Stationarity of the differenced time series does not imply stationarity of the undifferenced time series. In fact, the undifferenced time series is never stationary. ?arima.sim gives an example:

ts.sim <- arima.sim(list(order = c(1, 1, 0), ar = 0.7), n = 200)
ts.plot(ts.sim)

But it is better to compare collections of simulations:

set.seed(1L)
X <- replicate(50L, arima.sim(list(order = c(1, 0, 0), ar = 0.7), n = 200))
Y <- replicate(50L, arima.sim(list(order = c(1, 1, 0), ar = 0.7), n = 200))

par(mfrow = c(1L, 2L))
matplot(X, type = "l", main = "AR(1) = ARIMA(1, 0, 0)")
matplot(Y, type = "l", main = "ARIMA(1, 1, 0)")

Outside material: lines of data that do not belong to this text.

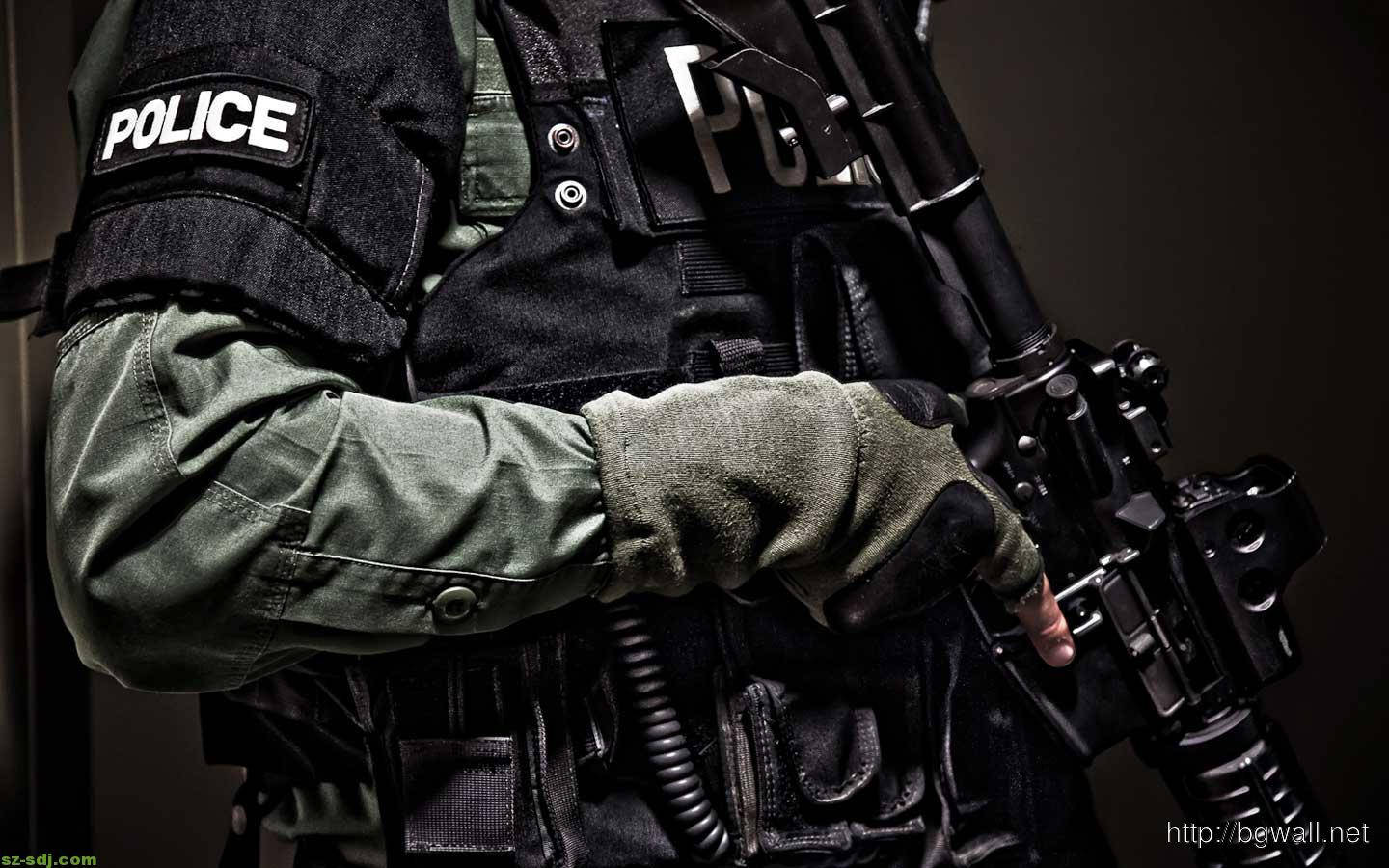 Police Vest And Gun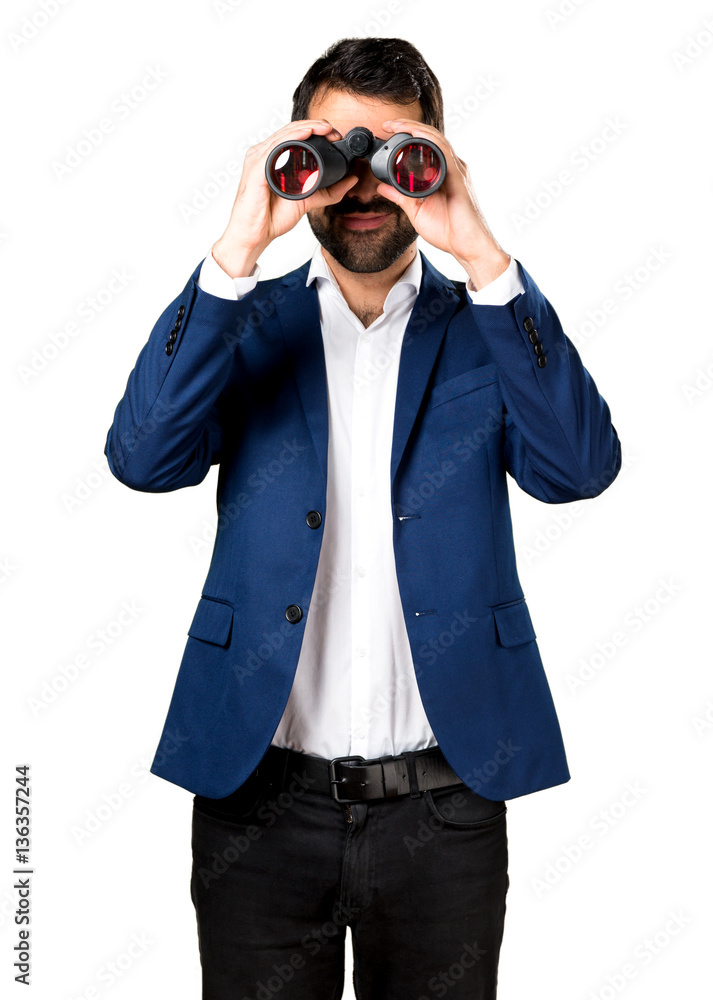 Handsome man with binoculars Handsome man with binoculars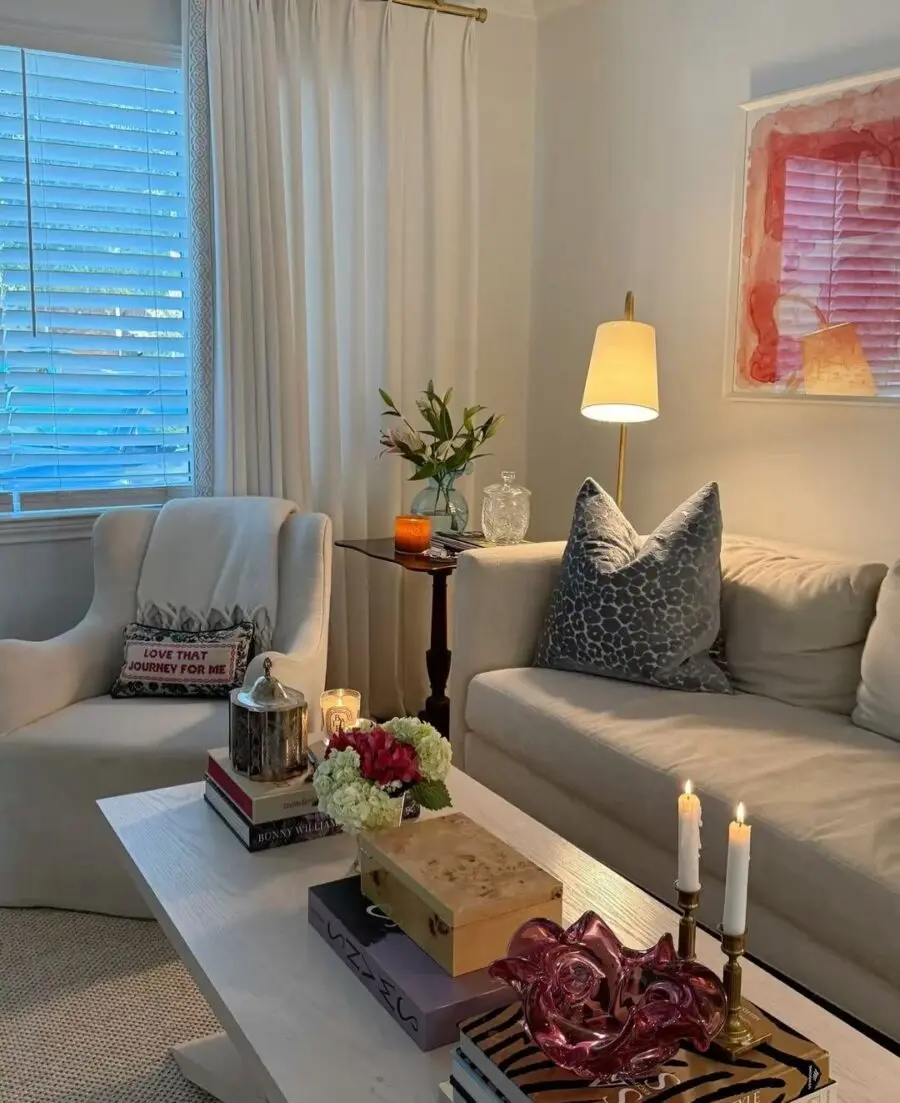 Stylish and Cozy Coffee Table Setup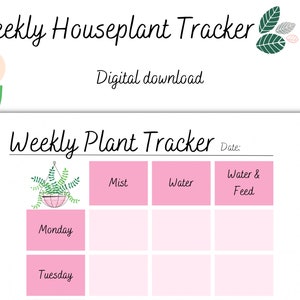 Printable Weekly Houseplant Tracker | Digital Download | Houseplant Planner | Houseplant Journal | Indoor Houseplants | PDF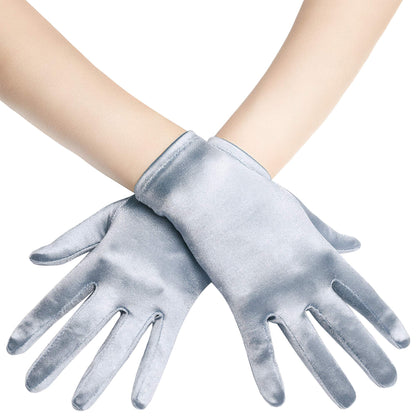 BABEYOND Short Satin Opera Gloves for Women 1920s Bridal Tea Party Gloves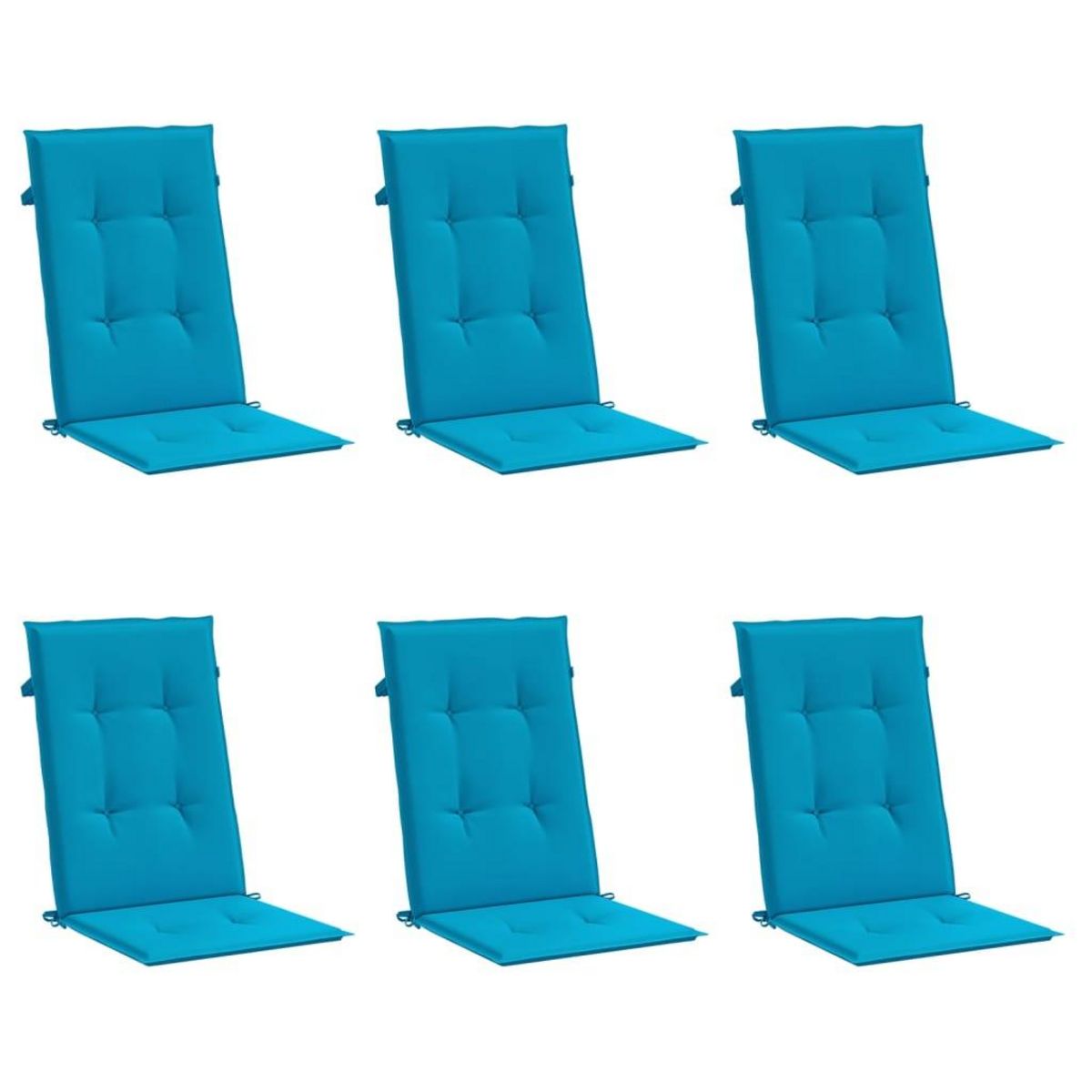 VIDAXL Coussins de chaise de jardin a dossier haut lot de 6 bleu tissu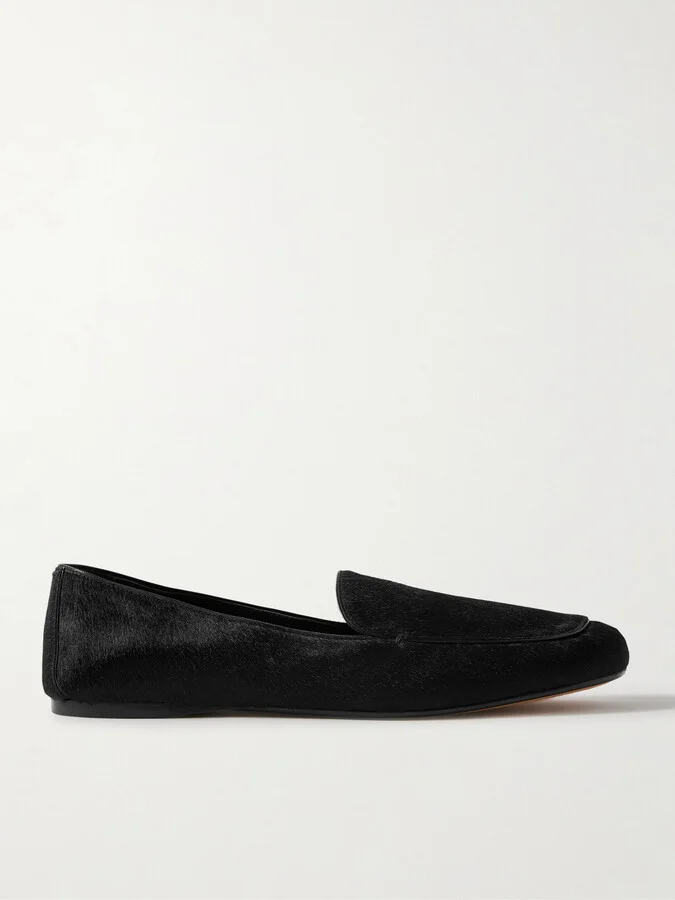 KHAITE - Monroe Calf Hair Loafers - Black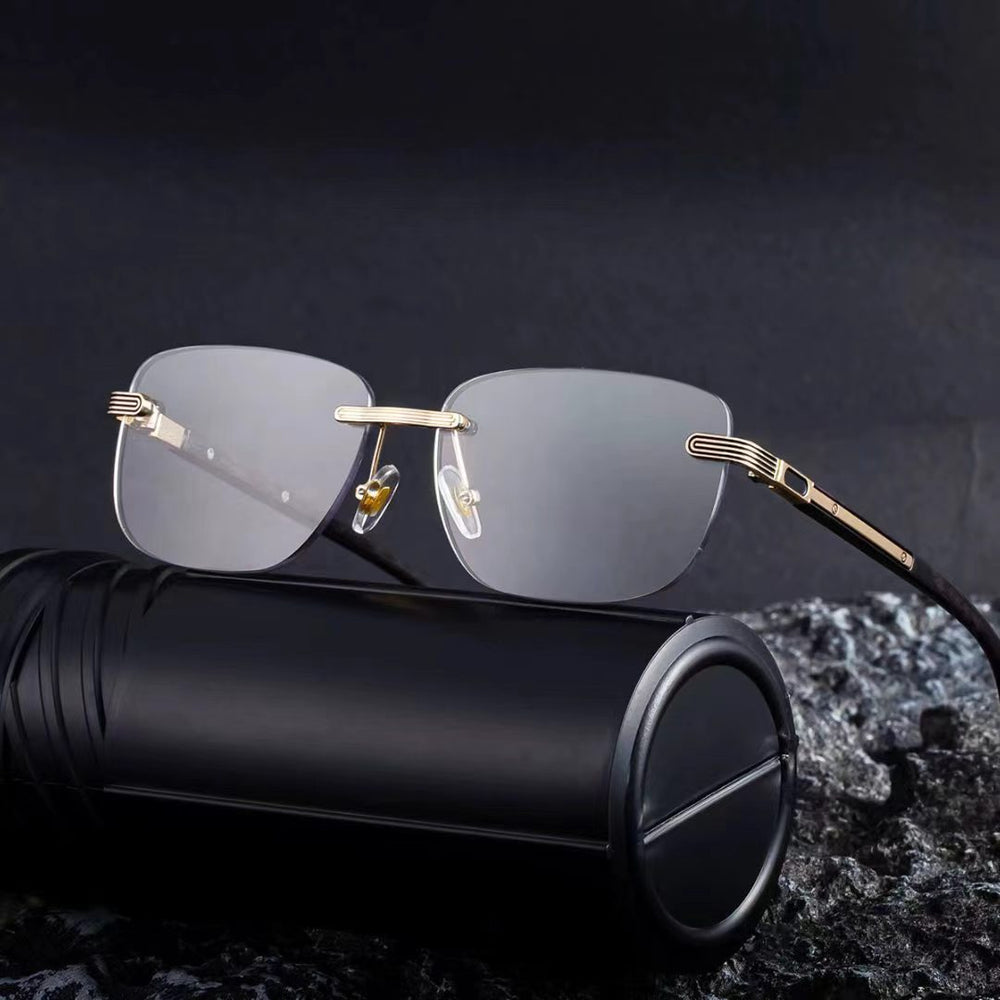 Élite Rimless Gold Rectangles Eyeglass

If you insist on p-values, then you can perform Dickey-Fuller tests:

apply(X, 2L, function(x) tseries::adf.test(x, k = 0)$p.value)
##  [1] 0.9263981 0.9900000 0.9900000 0.2561765 0.9218488
##  [6] 0.9900000 0.1816286 0.9900000 0.9900000 0.9372659
## [11] 0.6991314 0.9018098 0.8618604 0.9390623 0.6203794
## [16] 0.9740316 0.9002020 0.8196272 0.6657746 0.9593784
## [21] 0.9900000 0.9900000 0.8572043 0.1337945 0.9817778
## [26] 0.9900000 0.9900000 0.9816193 0.9562682 0.9900000
## [31] 0.4298187 0.9550181 0.7608263 0.9900000 0.9455187
## [36] 0.7616230 0.9412379 0.9588200 0.9354637 0.9900000
## [41] 0.9900000 0.9628406 0.9818668 0.9203677 0.9804385
## [46] 0.9900000 0.9900000 0.9807893 0.9048136 0.9822757

apply(X, 2L, function(x) tseries::adf.test(diff(x), k = 0)$p.value)
##  [1] 0.01 0.01 0.01 0.01 0.01 0.01 0.01 0.01 0.01 0.01
## [11] 0.01 0.01 0.01 0.01 0.01 0.01 0.01 0.01 0.01 0.01
## [21] 0.01 0.01 0.01 0.01 0.01 0.01 0.01 0.01 0.01 0.01
## [31] 0.01 0.01 0.01 0.01 0.01 0.01 0.01 0.01 0.01 0.01
## [41] 0.01 0.01 0.01 0.01 0.01 0.01 0.01 0.01 0.01 0.01

apply(Y, 2L, function(x) tseries::adf.test(x, k = 0)$p.value)
##  [1] 0.01 0.01 0.01 0.01 0.01 0.01 0.01 0.01 0.01 0.01
## [11] 0.01 0.01 0.01 0.01 0.01 0.01 0.01 0.01 0.01 0.01
## [21] 0.01 0.01 0.01 0.01 0.01 0.01 0.01 0.01 0.01 0.01
## [31] 0.01 0.01 0.01 0.01 0.01 0.01 0.01 0.01 0.01 0.01
## [41] 0.01 0.01 0.01 0.01 0.01 0.01 0.01 0.01 0.01 0.01

(These p-values are computed by linear interpolation on a very coarse grid. You should take 0.01 to mean some number between 0 and 0.01, and 0.99 to mean some number between 0.99 and 1.)